To jolt him from his reverie, Niles found it required a vigorous nod on his part, and he jerked a hand up in an abrupt flashing gesture to indicate the way past the casket, while Ada, clasping her pocketbook in her black-gloved fingers, caught the movement over her shoulder and revealed her disquiet as the last of the mourners filed from the parlor.
Upstairs in her room, Alexandra’s slippered feet nervously paced the flower-patterned rug, gliding to the door, to a window, past a bedpost, the dressing table, pausing before a mahogany pier glass, then continuing back and forth across the rug until, at the sound of an approaching motor in the driveway, they returned to the door, where they contrived to linger. In time she opened the door a crack. A step sounded along the hall. She threw her arms wide and drew Niles into the room.
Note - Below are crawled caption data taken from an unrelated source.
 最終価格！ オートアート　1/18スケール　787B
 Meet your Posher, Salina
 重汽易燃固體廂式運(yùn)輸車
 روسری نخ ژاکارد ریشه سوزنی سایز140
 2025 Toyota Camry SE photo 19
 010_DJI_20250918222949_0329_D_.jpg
“Hello, Mother.” She was quite tall and he had to stretch to reach her mouth.
“Is it all over?” She dropped into the chintz-covered chair, while he, taking the dressing table stool, watched her wan face, easily detecting the strain. She was wearing her c
ologne, a fresh, flowery fragrance he liked, but one that failed to mask the other smell, though she kept her scented handkerchief close to her mouth.
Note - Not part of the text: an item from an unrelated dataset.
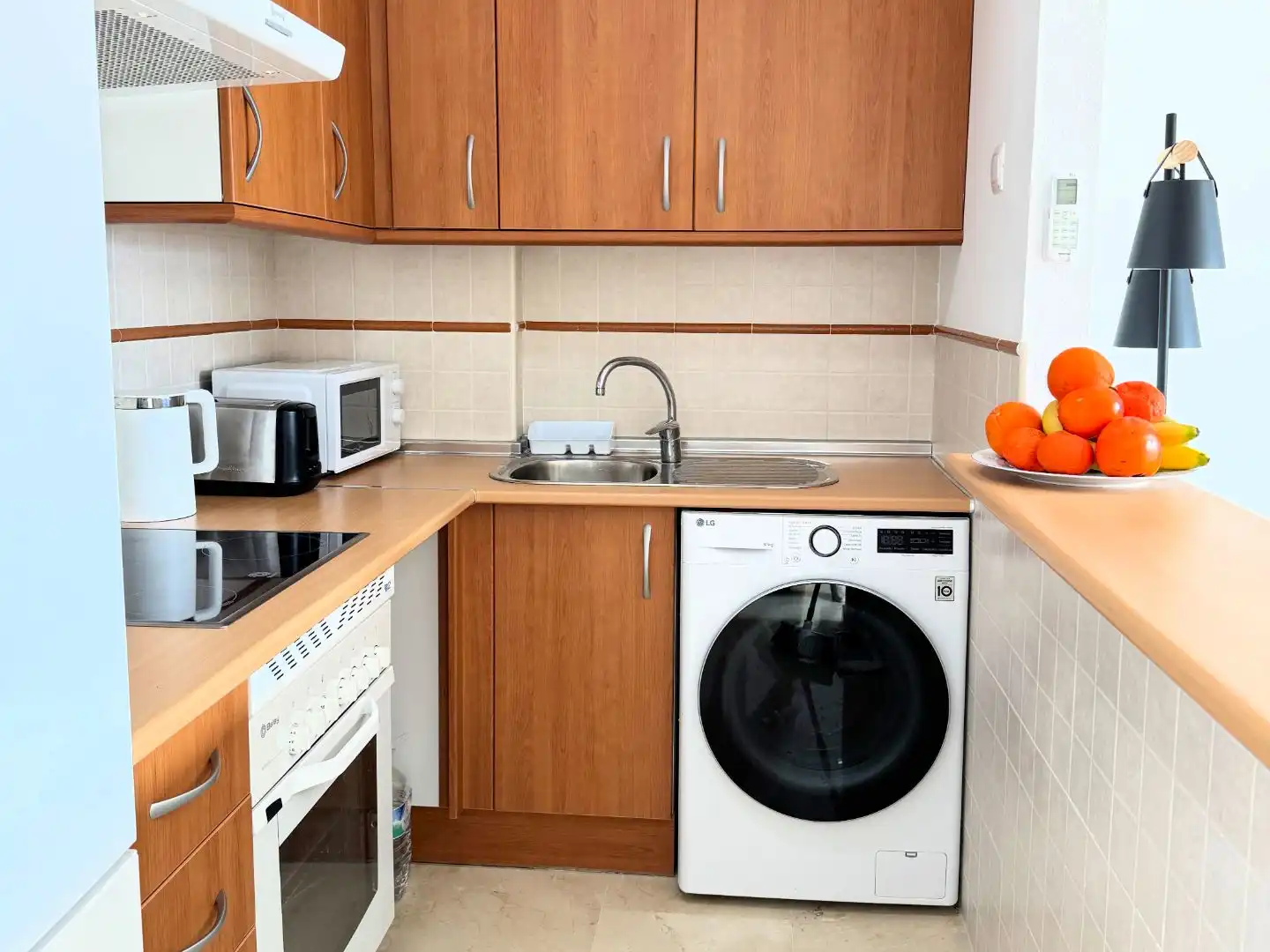 Kitchen of Flat for rent in Marina de Casares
Over. Yes, it was over. Russell was buried and Aunt Valeria was shut in her room, unable to stop crying. Niles was struck by the clarity with which he could identify his own reflection in the dark center of his mother’s eye; how easily he recognized the pain there. Like the lens of a camera, stopped down to a single vivid image, this gleaming iris doggedly focused for him the picture of Russell Perry’s round body tumbling out of the loft, down onto the cold steel jutting in the haymow.
Her eye was flitting again, coming to rest periodically on the drawer of her dressing table, while he toyed with the silver handles of her vanity set. Arranged around the brushes, nail buffer, and button hook were silver-framed photographs: Niles and Holland under the pump; the family bathing at the seashore; Ada wearing moiré and a fashionable string of pearls; Holland and Niles again, sailor-suited in the pony cart; Torrie in her wedding gown; the poverty partygoers with Mother wearing Father’s tuxedo and Father in Mother’s red dress and his old rubber fishing boots.
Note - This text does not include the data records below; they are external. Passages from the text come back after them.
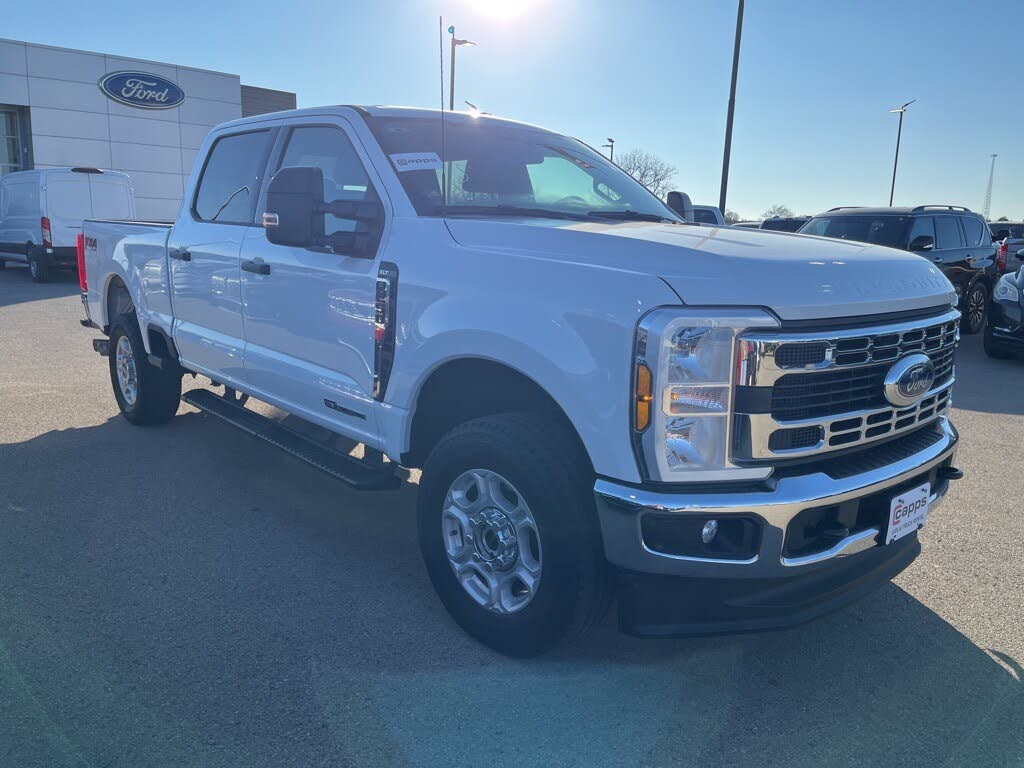 2025 Ford F-250 Super Duty XLT Crew Cab 4WD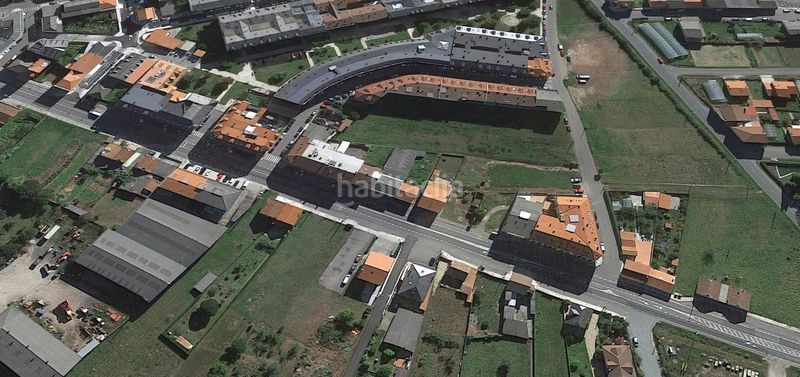Foto cc93da42-d5b2-4a13-a17c-b5c00e1bb049. Terreny residencial a Laracha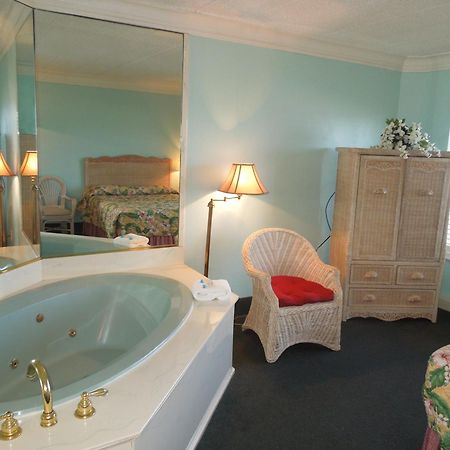 Baymont By Wyndham Virginia Beach Oceanfront Exterior photo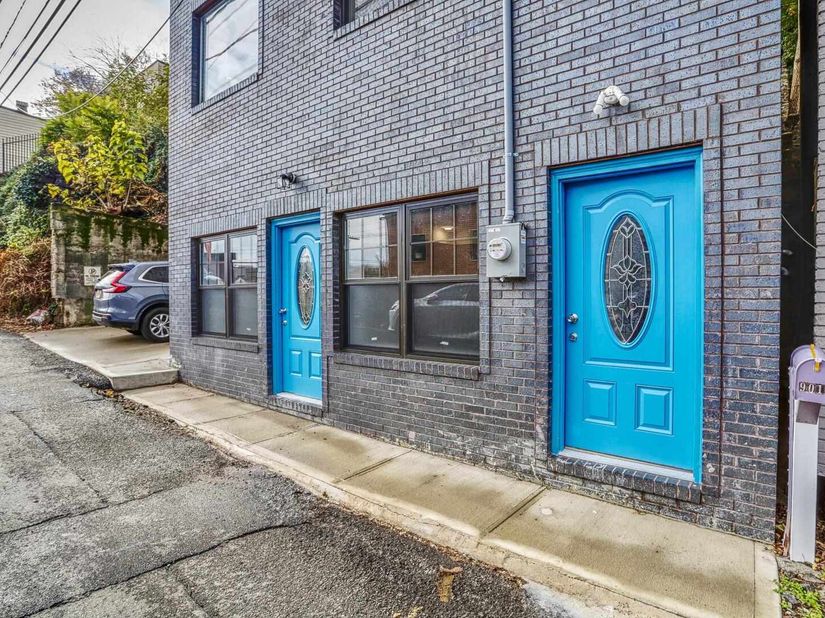9017 Riverside Pl, North Bergen NJ 07047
“I guess the aunts won’t be coming now.” He had picked up a snapshot of two ladies in navy bloomers, smiling shyly on either side of a tennis net: Ada’s sisters, the great-aunts, Josie and Fama.
“Yes they will. They thought they might not come because of the—situation—but I insist, I insist, we’re not going to have any more long faces around here, and they are to arrive as planned. Though I think they want to postpone until after the middle of next month. A suitable waiting period, they feel.”